===== PROVIDED INFORMATION =====
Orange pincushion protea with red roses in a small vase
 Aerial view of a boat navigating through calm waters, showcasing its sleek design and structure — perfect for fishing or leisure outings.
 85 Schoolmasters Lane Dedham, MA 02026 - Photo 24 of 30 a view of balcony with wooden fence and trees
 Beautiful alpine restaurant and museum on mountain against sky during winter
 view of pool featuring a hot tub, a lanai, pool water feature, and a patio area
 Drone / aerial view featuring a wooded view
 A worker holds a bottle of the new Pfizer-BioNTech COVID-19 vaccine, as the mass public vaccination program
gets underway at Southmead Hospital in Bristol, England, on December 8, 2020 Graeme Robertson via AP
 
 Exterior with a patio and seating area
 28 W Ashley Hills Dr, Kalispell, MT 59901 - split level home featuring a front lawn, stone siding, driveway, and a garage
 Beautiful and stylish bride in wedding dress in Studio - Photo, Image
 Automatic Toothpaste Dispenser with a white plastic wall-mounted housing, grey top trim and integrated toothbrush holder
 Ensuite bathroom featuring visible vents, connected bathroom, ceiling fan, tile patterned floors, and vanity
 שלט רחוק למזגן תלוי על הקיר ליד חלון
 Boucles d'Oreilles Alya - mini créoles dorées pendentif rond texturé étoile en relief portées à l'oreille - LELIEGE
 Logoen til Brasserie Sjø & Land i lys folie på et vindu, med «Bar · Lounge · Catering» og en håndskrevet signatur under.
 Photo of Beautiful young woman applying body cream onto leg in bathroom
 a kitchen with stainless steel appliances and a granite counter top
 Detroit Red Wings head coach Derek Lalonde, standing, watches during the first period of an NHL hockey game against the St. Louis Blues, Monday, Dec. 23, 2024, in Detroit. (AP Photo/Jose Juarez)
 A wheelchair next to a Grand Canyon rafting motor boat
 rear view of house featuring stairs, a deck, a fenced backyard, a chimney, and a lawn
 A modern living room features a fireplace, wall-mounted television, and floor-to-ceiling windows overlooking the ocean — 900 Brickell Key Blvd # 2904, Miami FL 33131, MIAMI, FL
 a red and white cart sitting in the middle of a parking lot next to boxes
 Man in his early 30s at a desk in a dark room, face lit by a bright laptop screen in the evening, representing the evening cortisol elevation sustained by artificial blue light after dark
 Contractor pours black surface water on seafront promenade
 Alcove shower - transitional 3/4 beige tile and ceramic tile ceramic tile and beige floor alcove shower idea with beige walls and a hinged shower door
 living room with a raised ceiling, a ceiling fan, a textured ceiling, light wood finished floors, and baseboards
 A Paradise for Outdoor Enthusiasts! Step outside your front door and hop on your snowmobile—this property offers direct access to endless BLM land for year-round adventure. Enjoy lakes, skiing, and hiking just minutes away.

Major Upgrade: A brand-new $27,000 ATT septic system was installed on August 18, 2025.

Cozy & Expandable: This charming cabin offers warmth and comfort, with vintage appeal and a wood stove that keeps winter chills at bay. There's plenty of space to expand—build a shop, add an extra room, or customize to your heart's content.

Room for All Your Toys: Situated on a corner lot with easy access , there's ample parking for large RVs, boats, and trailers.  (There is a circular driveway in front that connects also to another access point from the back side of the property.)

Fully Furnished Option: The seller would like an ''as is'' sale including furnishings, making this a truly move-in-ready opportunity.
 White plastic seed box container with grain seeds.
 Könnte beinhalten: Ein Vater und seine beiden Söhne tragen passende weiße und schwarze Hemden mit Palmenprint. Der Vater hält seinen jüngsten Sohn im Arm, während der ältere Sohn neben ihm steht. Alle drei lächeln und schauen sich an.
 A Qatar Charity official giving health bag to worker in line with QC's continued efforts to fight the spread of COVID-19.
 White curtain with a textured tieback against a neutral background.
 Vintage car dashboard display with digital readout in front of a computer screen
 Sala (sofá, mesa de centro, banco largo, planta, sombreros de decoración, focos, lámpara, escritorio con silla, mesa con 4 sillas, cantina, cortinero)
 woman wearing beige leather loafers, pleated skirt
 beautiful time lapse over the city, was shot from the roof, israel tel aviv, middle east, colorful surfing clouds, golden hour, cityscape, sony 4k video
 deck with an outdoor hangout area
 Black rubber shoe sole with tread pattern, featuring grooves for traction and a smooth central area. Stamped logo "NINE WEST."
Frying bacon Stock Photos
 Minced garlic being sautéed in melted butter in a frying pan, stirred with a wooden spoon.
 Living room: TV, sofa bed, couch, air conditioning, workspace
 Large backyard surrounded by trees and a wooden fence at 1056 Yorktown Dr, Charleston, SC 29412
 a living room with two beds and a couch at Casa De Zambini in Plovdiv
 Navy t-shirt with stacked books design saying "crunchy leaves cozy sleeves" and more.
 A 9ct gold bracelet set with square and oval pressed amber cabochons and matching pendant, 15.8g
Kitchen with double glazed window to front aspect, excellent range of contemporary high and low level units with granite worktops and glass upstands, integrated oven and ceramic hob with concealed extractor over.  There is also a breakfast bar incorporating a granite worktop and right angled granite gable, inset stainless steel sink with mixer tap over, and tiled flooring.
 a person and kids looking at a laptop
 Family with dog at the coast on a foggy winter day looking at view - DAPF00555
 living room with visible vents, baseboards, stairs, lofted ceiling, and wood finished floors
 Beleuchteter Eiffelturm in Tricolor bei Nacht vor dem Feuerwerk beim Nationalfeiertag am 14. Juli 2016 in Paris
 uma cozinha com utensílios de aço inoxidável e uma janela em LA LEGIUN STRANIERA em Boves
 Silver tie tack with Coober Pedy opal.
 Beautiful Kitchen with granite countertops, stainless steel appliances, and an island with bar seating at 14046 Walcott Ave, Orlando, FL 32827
=====
Which lines above contain the word "seating"? Copy each one.

 Exterior with a patio and seating area
 Beautiful Kitchen with granite countertops, stainless steel appliances, and an island with bar seating at 14046 Walcott Ave, Orlando, FL 32827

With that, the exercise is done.